Les jeunes filles délaissent une profession peu rentable et dont l’avenir est de plus en plus incertain.
L’État tente de redorer le blason de la dentelle à la main par le biais de salons et d’expositions et par l’ouverture de nouvelles écoles de dentellières afin de transmettre le savoir-faire aux nouvelles générations.
Malheureusement, la Première Guerre mondiale anéantit cette ambition et la plupart des écoles ne survivent pas à cette période difficile.
La dentelle à la main moribonde bénéficie cependant d’un programme visant à sa survie. En 1976, un Atelier Conservatoire national est créé au Puy-en-Velay. D’autre initiatives privées voient le jour en France mais également en Belgique et en Angleterre afin de permettre aux dernières dentellières de transmettre leur savoir-faire lors de stages ou de cours. La maîtrise de ces techniques demande 8 à 10 ans d’apprentissage.
Depuis les années 1980, on assiste à un lent retour d’intérêt pour cet art séculaire.
Ne pouvant rivaliser avec les prix des dentelles mécaniques, la dentelle à la main vise la perfection. Il faut en effet compter une journée de travail pour réaliser en moyenne 1 cm² de dentelle.

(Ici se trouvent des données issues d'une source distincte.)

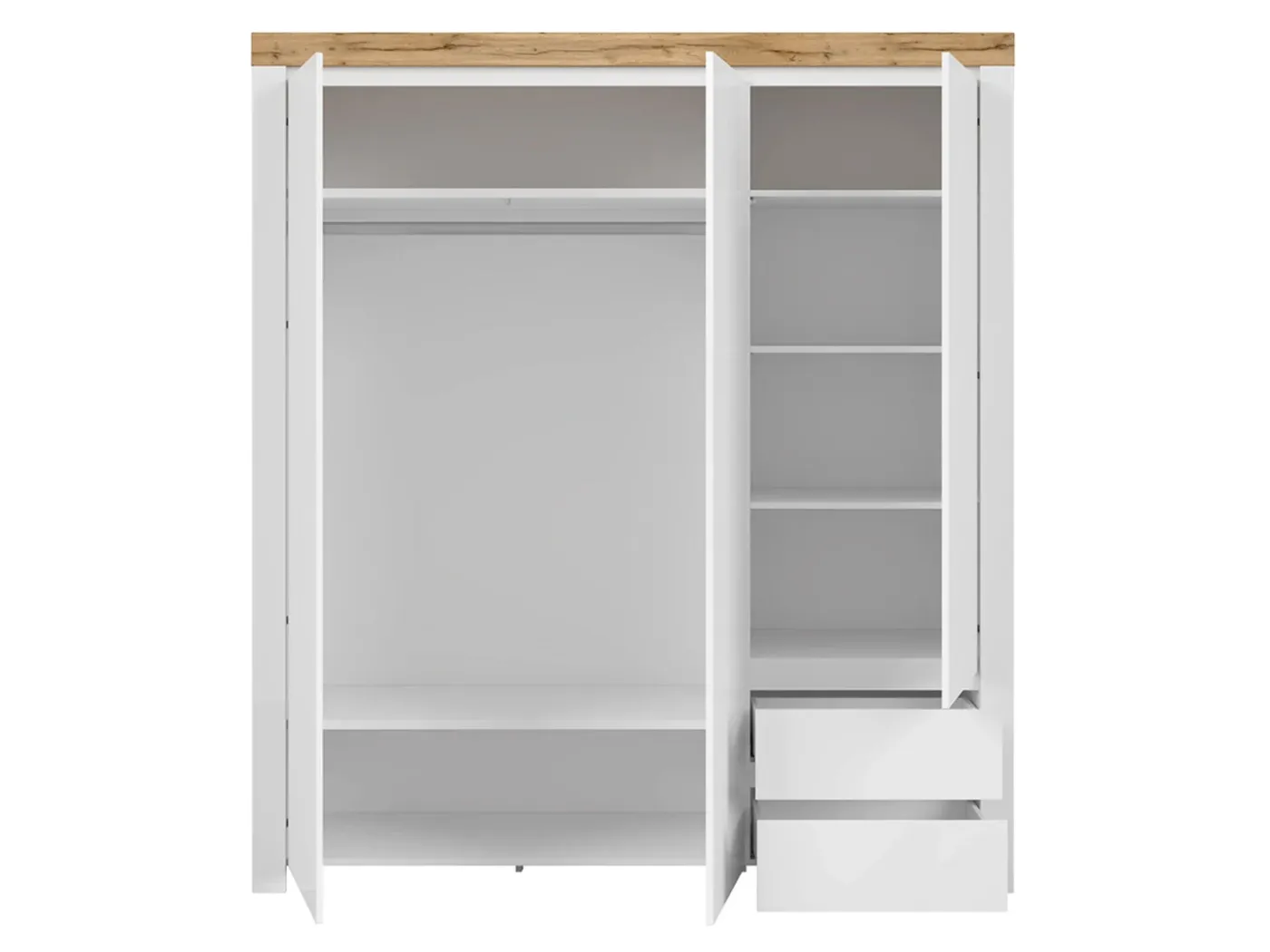 Omara Holten bela - notranjost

Les différentes techniques de la dentelle
La dentelle à l’aiguille
Alors que la mode vestimentaire devient de plus en plus complexe et que les vêtements se parent d’une multitude d’ornements durant la Renaissance italienne, les brodeuses rivalisent d’habileté pour ajourer des tissus. Pour cela, elles enlèvent des fils de trame et de chaîne de la toile afin de créer un motif de plus en plus aérien simplement encadré par les quelques fils restant.
Finalement, les brodeuses ont l’idée de créer le dessin sans support en bâtissant un encadrement et quelques diagonales sur un morceau de parchemin sur lequel est reproduit le motif.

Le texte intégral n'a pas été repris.